Louis XIV avait permis qu'en l'absence de son père M. le Duc exerçât les fonctions de gouverneur en Bourgogne; il lui avait donné la survivance de cette charge ainsi que celle de grand maître de la maison du roi. Le grand Condé n'était un homme supérieur qu'à la guerre; il se déchargeait sur son fils de l'ennui des affaires à Paris comme à Chantilly, comme à Dijon. M. le Duc savait s'appliquer à l'administration des vastes domaines de Condé; et il est probable que Guitaud ne fut écarté de cette petite cour que parce que la société habituelle des princes dont il dépendait ne convenait pas à sa femme, jeune, belle et pieuse37. Madame de Sévigné, dans sa lettre à sa fille, rapportant tout ce que lui a raconté sur les anges la comtesse de Fiesque, dit: «Madame de Marci quitta Paris par pure sagesse, quand on commença toutes ces collations de cet été38, et s'en vint en Bourgogne; on la reçut à Dijon au bruit du canon. Vous pouvez penser comment cela faisait dire de belles choses et comme ce voyage paraissait en public. La vérité, c'est qu'elle avait un procès qu'elle voulait faire juger; mais cette rencontre est toujours plaisante39.»
Sur l'autre sœur madame de Sévigné dit: «MONSIEUR veut faire mademoiselle40 de Grancey dame d'atour de MADAME, à la place de la Gordon, à qui il faut donner cinquante mille écus: voilà qui est un peu difficile. Madame de Monaco mène cette affaire.» Cette affaire ne put réussir, probablement à cause de l'opposition qu'y mit MADAME; mais MONSIEUR fit mademoiselle de Grancey dame d'atour de la fille de sa première femme, qui devint reine d'Espagne41.
Madame de Sévigné céda enfin aux instances du comte et de la comtesse de Guitaud. Elle alla passer un jour à Époisses. Elle y trouva, outre la comtesse de Fiesque, la comtesse de Toulongeon, son aimable cousine, puis madame de Chatelus et le marquis de Bonneval. Elle fut charmée de toutes les personnes qu'elle vit dans ce château, dont elle admira la magnificence. Longtemps après, elle déclara à Bussy42 qu'elle conservait un souvenir tendre et précieux de la réception qui lui avait été faite alors par le comte et la comtesse de Guitaud.

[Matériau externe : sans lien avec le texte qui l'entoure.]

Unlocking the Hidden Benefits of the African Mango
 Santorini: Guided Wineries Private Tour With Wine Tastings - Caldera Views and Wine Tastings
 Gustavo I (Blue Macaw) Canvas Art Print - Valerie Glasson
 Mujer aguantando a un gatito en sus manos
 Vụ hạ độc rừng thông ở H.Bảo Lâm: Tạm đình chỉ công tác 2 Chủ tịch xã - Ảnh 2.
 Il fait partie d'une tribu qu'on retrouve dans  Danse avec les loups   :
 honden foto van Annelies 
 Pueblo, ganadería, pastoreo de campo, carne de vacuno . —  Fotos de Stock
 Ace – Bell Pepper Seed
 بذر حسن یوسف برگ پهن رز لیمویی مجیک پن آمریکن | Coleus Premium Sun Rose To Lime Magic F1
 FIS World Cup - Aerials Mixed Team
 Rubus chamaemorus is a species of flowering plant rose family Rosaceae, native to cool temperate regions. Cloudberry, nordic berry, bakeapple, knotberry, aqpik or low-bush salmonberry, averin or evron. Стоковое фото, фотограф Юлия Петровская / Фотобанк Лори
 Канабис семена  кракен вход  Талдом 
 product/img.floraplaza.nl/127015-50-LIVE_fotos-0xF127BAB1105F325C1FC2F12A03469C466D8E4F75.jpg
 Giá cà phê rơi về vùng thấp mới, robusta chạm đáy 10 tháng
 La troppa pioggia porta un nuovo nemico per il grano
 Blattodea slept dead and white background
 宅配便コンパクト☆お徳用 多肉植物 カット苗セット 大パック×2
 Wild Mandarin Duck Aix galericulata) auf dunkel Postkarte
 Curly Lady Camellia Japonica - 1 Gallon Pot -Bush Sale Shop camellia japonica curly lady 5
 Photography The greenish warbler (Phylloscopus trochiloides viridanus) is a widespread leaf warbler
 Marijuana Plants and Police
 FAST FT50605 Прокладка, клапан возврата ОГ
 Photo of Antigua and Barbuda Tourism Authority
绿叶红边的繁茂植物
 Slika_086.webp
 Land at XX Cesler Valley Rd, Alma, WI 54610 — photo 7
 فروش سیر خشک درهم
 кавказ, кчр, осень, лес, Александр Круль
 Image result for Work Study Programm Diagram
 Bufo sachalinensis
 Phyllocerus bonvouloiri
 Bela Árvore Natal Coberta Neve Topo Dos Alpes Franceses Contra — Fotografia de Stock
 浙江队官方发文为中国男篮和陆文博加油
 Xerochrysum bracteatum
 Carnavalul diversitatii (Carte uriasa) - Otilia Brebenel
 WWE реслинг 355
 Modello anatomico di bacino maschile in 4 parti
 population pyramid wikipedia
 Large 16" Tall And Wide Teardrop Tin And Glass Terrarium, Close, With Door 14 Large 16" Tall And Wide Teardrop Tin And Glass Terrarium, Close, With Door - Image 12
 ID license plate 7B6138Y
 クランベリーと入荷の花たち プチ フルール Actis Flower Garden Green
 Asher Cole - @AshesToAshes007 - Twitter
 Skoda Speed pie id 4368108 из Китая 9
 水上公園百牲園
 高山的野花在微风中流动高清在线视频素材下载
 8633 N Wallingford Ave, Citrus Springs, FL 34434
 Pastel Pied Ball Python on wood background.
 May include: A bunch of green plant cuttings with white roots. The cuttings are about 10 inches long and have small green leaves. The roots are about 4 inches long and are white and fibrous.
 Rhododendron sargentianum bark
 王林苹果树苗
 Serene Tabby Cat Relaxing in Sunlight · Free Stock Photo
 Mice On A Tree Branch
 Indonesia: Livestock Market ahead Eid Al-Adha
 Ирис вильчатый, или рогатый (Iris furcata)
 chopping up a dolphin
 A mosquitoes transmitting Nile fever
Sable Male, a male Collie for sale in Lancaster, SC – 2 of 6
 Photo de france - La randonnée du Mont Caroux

Le lendemain (27 octobre), madame de Sévigné arriva à Auxerre, trajet de soixante-dix kilomètres ou dix-sept lieues et demie. Elle paraît s'être arrêtée ensuite à Sens (distance de cinquante kilomètres ou quatorze lieues et demie). Elle regretta de n'y pas trouver l'archevêque, Louis-Henri de Gondrin43, oncle de madame de Montespan, janséniste renforcé, qui avait beaucoup d'amitié pour madame de Grignan.
De la petite ville de Moret, où elle coucha, madame de Sévigné écrivit à sa fille le 30 octobre, et le surlendemain, jour de la Toussaint, elle entra dans Paris après quatre semaines de voyages44.